4種の味が一度に楽しめる、丸政「昭和百年弁当」(筆者撮影)

話を高速道路に戻すと、NEXCO西日本では、東日本の「ハイウェイめし甲子園」に先立つこと1カ月前の9月1日から、「第10回 西イチグルメ決定戦2025『SA・PA肉万博』」と題したグルメイベントを開催している。管内のSA/PAが開発した111種類もの肉グルメのイベントだ。

NEXCO中日本でも、この秋に「推しグルメ」のキャンペーンが行われている。さらに、一般道の休憩施設兼観光拠点である「道の駅」でも、「道-1グランプリ」というコンテスト形式のイベントが行われて、今月上旬に入賞作が発表された。

今やグルメは最大の「集客装置」に

名所や旧跡をまわったり、登山やハイキングを楽しんだりする旧来の観光から、「グルメを味わう旅」がいま、大きくクローズアップされている。

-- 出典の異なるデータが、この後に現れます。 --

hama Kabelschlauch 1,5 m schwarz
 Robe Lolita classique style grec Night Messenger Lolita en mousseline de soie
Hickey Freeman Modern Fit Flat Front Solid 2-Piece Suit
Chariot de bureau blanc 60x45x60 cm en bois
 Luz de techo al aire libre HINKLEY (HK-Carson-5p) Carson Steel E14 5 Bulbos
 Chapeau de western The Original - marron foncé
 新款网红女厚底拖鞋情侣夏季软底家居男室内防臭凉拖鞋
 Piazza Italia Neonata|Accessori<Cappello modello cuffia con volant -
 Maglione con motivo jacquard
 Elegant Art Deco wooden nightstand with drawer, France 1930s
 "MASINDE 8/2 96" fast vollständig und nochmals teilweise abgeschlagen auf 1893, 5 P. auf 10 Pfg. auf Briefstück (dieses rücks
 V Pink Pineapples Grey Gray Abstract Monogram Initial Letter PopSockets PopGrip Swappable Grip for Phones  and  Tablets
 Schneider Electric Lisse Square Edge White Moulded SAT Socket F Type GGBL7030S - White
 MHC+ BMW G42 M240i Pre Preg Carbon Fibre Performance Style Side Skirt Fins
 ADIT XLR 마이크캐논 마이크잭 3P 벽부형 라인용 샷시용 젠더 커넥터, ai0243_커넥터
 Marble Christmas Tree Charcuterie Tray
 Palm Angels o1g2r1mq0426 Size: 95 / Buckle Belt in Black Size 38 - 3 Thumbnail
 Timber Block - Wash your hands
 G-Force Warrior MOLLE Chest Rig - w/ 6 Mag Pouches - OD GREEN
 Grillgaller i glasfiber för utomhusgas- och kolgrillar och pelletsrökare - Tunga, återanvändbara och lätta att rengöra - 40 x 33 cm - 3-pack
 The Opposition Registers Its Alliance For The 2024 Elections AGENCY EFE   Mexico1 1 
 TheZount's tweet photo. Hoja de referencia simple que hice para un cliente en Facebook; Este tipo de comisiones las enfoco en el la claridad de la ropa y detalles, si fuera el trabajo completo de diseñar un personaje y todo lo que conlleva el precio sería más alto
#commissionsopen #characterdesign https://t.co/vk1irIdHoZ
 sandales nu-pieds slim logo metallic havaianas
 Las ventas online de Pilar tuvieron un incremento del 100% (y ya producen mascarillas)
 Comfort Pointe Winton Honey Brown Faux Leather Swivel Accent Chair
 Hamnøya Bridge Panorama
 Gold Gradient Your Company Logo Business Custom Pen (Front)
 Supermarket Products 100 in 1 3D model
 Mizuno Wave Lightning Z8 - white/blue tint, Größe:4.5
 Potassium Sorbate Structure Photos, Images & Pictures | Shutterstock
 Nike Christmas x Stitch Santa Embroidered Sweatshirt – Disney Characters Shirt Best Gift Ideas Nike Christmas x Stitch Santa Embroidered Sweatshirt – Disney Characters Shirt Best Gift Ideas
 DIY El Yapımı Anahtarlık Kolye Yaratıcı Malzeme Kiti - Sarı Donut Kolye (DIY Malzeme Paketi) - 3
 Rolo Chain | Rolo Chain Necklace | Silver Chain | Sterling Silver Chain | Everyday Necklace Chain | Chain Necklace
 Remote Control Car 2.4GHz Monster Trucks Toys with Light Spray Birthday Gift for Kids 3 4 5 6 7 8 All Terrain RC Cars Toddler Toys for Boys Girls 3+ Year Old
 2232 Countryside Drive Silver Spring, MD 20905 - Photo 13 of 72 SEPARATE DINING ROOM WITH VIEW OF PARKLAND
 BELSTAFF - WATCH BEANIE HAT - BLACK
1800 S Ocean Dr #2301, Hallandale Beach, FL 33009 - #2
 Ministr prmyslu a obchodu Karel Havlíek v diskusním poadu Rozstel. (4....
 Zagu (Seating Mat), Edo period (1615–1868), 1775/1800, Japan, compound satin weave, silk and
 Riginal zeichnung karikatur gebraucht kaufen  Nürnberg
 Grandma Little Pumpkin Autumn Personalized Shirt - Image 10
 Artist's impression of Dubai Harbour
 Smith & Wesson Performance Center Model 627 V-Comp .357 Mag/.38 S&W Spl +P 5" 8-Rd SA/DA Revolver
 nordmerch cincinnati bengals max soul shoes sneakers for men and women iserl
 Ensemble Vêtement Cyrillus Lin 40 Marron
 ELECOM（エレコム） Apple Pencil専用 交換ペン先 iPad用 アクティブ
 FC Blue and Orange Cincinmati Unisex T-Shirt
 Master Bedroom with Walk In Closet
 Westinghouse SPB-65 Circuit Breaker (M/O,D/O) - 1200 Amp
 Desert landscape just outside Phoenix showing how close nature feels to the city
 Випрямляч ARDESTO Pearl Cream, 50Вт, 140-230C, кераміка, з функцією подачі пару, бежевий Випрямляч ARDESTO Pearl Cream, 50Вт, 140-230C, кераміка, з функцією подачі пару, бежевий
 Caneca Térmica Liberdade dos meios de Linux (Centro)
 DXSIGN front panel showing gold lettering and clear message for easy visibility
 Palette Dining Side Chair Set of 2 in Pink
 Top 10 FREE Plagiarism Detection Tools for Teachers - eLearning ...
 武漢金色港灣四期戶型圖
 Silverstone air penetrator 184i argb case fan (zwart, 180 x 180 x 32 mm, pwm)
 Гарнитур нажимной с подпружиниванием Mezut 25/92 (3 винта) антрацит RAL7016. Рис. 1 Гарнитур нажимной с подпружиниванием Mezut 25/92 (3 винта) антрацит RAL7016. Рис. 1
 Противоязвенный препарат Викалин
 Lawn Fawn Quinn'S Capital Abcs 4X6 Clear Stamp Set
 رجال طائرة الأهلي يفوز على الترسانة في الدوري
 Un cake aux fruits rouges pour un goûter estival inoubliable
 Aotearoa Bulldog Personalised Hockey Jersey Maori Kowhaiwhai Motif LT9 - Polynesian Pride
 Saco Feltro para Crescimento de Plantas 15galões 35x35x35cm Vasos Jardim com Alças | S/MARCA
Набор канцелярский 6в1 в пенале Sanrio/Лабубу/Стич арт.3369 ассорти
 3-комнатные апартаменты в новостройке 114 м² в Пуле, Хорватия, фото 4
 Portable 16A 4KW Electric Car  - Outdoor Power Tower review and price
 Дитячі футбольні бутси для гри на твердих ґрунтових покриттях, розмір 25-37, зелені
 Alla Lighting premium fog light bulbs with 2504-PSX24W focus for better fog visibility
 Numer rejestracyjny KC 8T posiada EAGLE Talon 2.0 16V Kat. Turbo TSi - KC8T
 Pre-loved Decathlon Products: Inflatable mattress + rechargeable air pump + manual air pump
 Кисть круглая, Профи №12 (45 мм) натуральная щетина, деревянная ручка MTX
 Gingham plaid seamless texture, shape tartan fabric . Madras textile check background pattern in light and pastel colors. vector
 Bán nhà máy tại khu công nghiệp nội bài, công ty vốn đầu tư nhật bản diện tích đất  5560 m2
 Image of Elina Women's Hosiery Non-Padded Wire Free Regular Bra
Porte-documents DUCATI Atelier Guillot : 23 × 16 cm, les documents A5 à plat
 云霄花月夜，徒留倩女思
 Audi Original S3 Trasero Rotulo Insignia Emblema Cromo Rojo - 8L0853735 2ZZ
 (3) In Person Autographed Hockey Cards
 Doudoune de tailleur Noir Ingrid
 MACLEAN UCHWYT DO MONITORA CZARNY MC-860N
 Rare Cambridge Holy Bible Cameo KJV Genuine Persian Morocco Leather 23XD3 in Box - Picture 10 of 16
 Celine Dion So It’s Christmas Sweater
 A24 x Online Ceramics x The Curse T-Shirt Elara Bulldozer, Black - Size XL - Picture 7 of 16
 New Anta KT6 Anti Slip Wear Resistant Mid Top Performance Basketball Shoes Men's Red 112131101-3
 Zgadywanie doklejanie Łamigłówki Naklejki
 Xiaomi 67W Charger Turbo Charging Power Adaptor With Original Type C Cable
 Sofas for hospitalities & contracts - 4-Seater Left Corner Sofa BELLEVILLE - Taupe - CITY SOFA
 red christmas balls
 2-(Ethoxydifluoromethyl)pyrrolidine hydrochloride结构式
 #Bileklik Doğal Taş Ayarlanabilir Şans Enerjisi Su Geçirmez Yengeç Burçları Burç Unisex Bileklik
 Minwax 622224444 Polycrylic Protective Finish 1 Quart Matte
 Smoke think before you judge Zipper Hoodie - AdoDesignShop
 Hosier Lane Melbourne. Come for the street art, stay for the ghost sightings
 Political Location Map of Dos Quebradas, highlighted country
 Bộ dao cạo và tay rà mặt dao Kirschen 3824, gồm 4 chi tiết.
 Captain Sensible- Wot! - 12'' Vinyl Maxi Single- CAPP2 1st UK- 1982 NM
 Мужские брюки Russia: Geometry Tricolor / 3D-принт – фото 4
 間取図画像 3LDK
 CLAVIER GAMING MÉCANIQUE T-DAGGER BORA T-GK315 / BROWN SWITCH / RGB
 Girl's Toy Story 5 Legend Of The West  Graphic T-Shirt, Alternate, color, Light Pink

テレビ番組やSNSで、これまで無名だったご当地ならではのローカルグルメの情報が拡散されるようになった背景もあろうし、増加するインバウンドが日本のさまざまな食事処に殺到する様子から知られるようになったことも、一因だろう。

今やグルメは最大の「集客装置」といってもよく、「観光の合い間に急いで食事を掻き込む」旅から、「このメニューを味わう目的でわざわざそこに行く」旅へと劇的に変化している最中だ。

駅弁味の陣の賑わいを見ていると、かつて一部の百貨店で行われていた期間限定の「駅弁大会」(もちろん、こうした催しは今も行われており盛況である)が一年中開かれているような錯覚を引き起こすし、新作メニューを競うSA/PAのありさまは、日常とフェスの境目が希薄になった時代の到来を告げているようでもある。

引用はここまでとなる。